Starting with a meeting in 2003 between the adult children of some of the characters from the 1970's, the novel switches back and forth in time through several different points of view, offering insights about what has happened in the interim. The teenagers' lives are depicted in minute detail as they work on school magazines, collect new rock albums, create their own bands, score with girlfriends, and do all the superficial things teenagers do the world over, told from the well-developed, if not particularly compelling, perspective of the `70's.

Coe can be very funny, and his view of teenage life is often amusing, but the teenagers also reveal their intolerance of differences, their casual cruelty, doubts about religion, ignorance of the political system, and general insulation from the forces which are shaping their world.

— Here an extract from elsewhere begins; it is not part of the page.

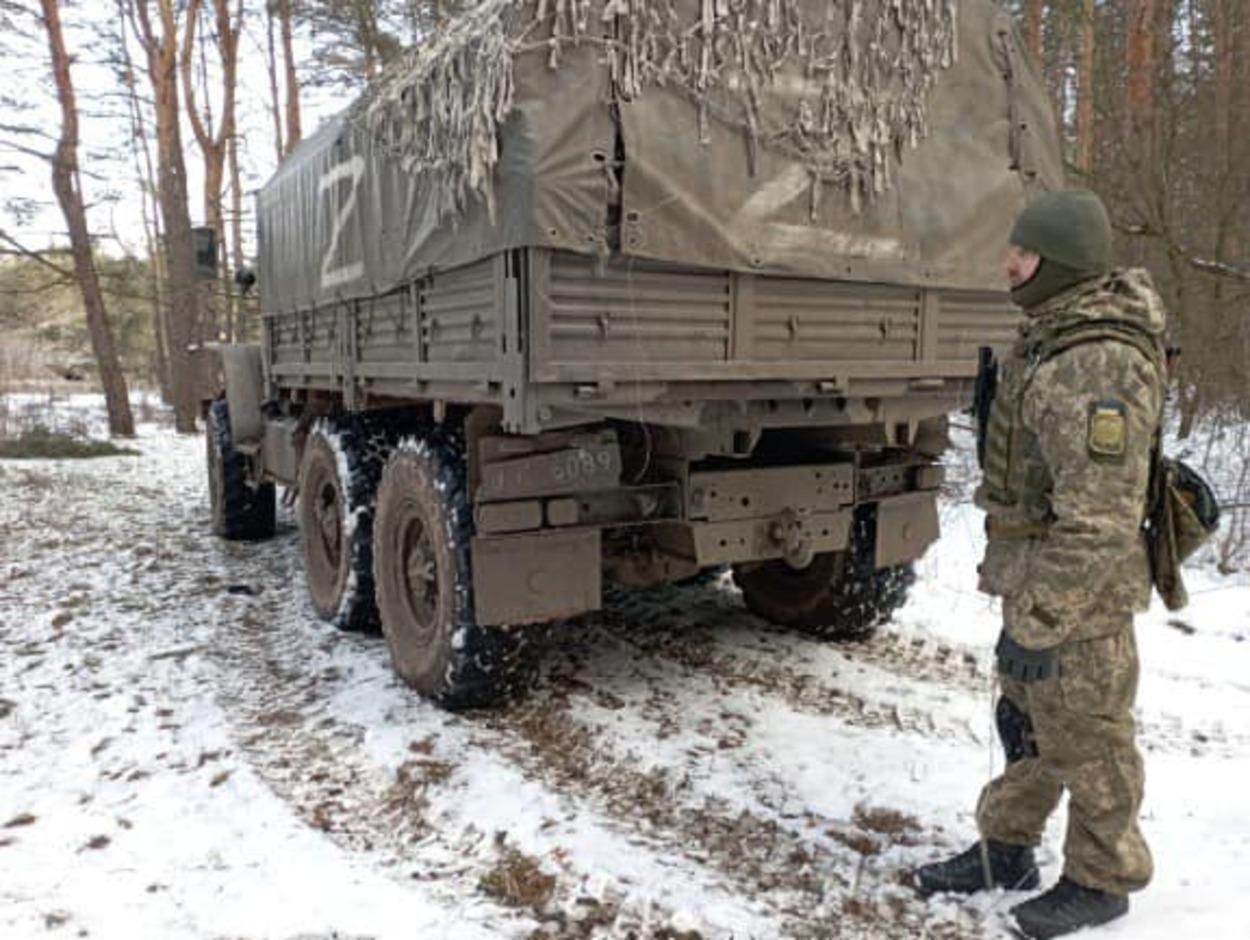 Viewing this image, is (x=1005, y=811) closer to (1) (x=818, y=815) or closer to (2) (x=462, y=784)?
(1) (x=818, y=815)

Their parents' lives are completely separate from their children's, dealing with union vs. management issues, Labour vs. Tory political goals, a stagnant economy, resentment over immigration, IRA activity, some anti-semitism, and a belief that their dreams probably will not come true. These huge and important themes seem a bit jarring when juxtaposed against the superficial, day-to-day activities of the teenagers who are the main characters.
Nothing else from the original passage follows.